((

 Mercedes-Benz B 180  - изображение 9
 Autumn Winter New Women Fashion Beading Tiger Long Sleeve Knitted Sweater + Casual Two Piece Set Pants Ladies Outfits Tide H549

))
((

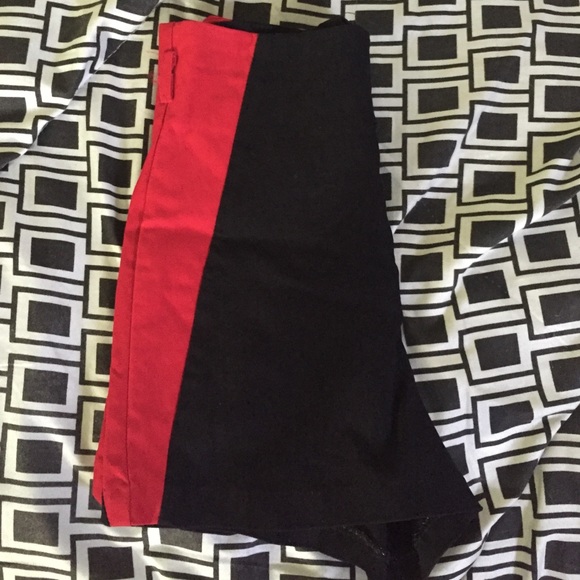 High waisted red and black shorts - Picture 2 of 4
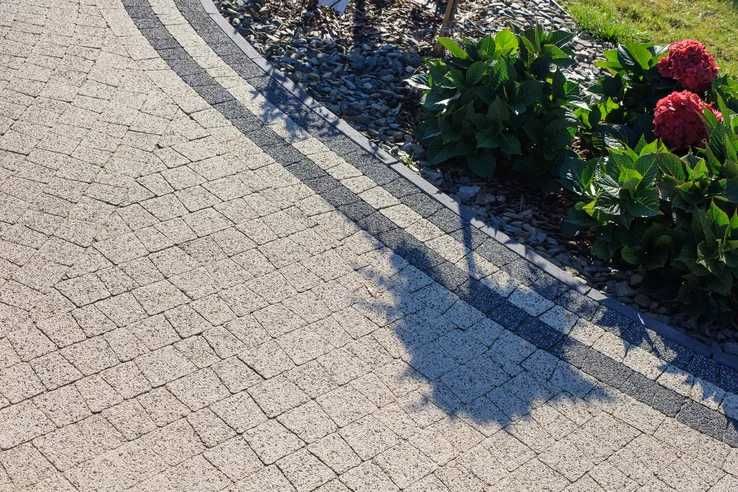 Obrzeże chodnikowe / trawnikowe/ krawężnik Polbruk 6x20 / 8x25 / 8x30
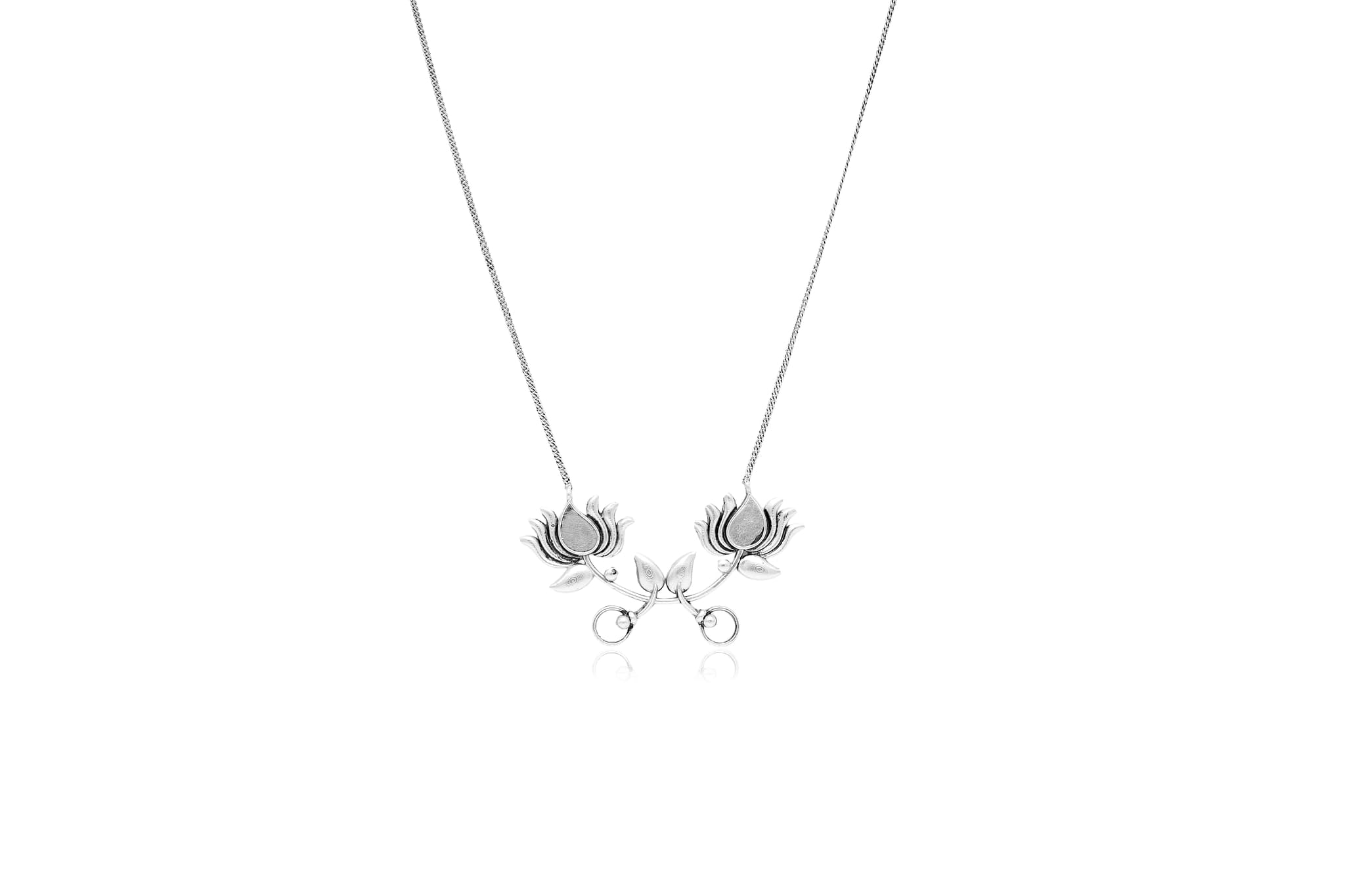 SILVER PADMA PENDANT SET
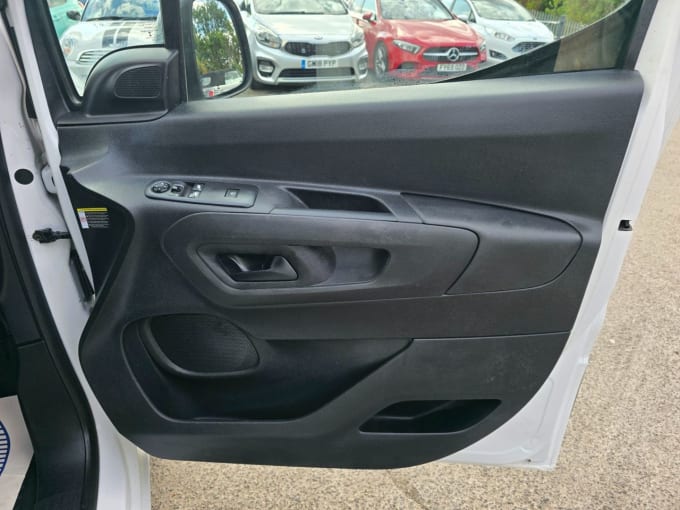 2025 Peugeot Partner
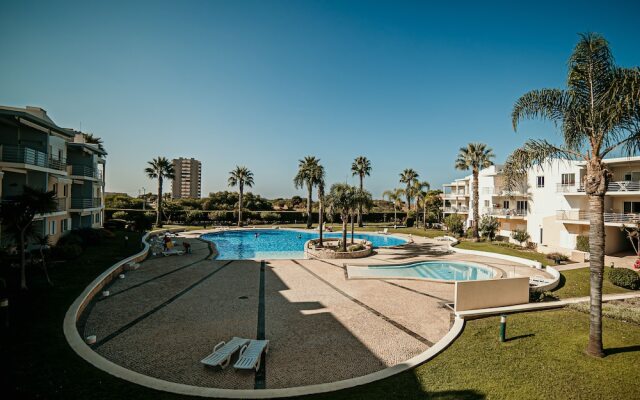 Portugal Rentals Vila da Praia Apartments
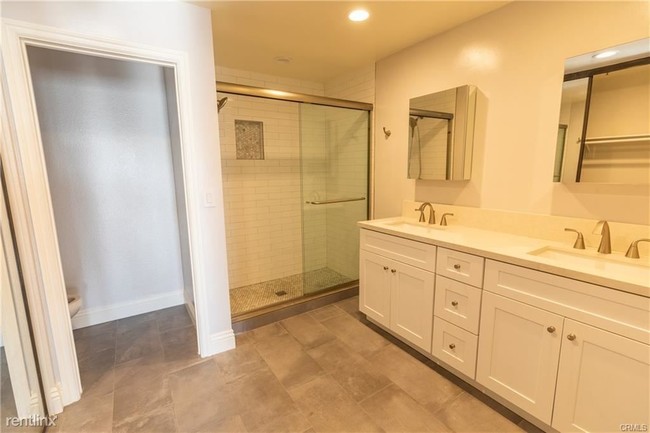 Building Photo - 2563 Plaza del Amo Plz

))
((

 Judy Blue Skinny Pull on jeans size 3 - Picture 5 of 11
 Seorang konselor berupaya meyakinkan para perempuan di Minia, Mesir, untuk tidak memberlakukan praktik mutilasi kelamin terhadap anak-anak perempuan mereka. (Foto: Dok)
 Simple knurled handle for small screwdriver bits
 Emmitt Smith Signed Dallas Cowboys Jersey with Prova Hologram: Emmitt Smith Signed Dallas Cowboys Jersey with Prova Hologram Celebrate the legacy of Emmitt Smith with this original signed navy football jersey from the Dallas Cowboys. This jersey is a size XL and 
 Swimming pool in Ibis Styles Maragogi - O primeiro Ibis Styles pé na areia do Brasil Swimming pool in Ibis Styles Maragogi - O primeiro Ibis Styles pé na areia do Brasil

))

**Task to carry out**:
Range to print from the listing above: from the line with "2025 Peugeot Partner" up to and including the line with "Building Photo - 2563 Plaza del Amo Plz". Please print those lines exactly, with no pictures and nothing more.

**Answer to this problem**:
 2025 Peugeot Partner
 Portugal Rentals Vila da Praia Apartments
 Building Photo - 2563 Plaza del Amo Plz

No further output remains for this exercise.